H.B. 1259

By: Kolkhorst

Pensions, Investments & Financial Services

Committee Report (Unamended)






Although the Government Code requires the attorney general to approve a contract for legal services between outside legal counsel and a state agency in the executive department, there has been some debate about the attorney general's role in the approval of outside legal counsel for the Teacher Retirement System of Texas (TRS). At issue is the question as to whether a TRS contract for outside legal counsel where the legal counsel is paid with funds derived internally from the TRS pension fund, rather than from the state general revenue fund, is subject to approval from the attorney general.   

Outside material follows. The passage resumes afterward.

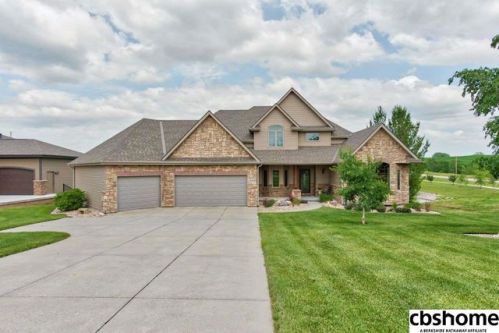 11769 175th Cir, Bennington, NE 68007-5712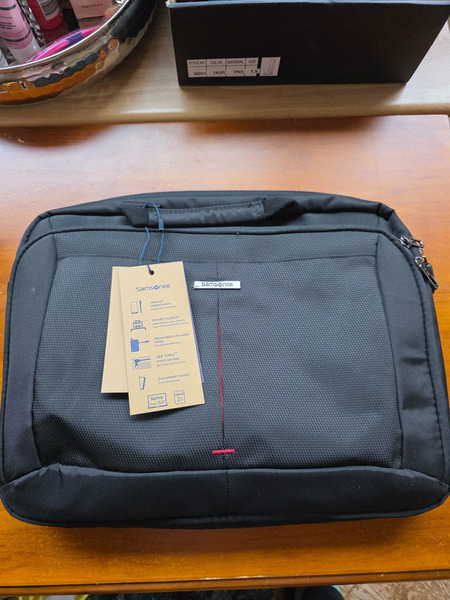 New Samsonite GuardIT 2.0 Laptop Bag 15.6 With Tags & Warranty Card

Because of the recent failures among many alternative investment strategies, there exists today a strong demand for increased scrutiny of fiduciary and ethical responsibilities among public pension plans.   As a result, many TRS members have requested a clarification of the law, to make clear that any outside legal counsel being considered by the TRS board must first receive approval by the attorney general.    


H.B. 1259 clarifies that the attorney general is the legal adviser for the TRS board and that any outside legal counsel hired to advise TRS must first be approved by the attorney general, regardless of the source of the funds to be used to pay the outside counsel.



It is the committee's opinion that this bill does not expressly grant any additional rulemaking authority to a state officer, department, agency, or institution.



H.B. 1259 amends the Government Code to prohibit the Teacher Retirement System board of trustees from employing outside legal counsel to provide legal services to the retirement system unless the contract for such services is approved by the attorney general, regardless of the source of funds to be used to pay the outside counsel.  The bill provides that the term "legal services" includes services provided by an attorney regarding ethics and fiduciary responsibilities.  The bill expressly states that its provisions are intended to clarify rather than change existing law.



On passage, or, if the act does not receive the necessary vote, the act takes effect September 1, 2009.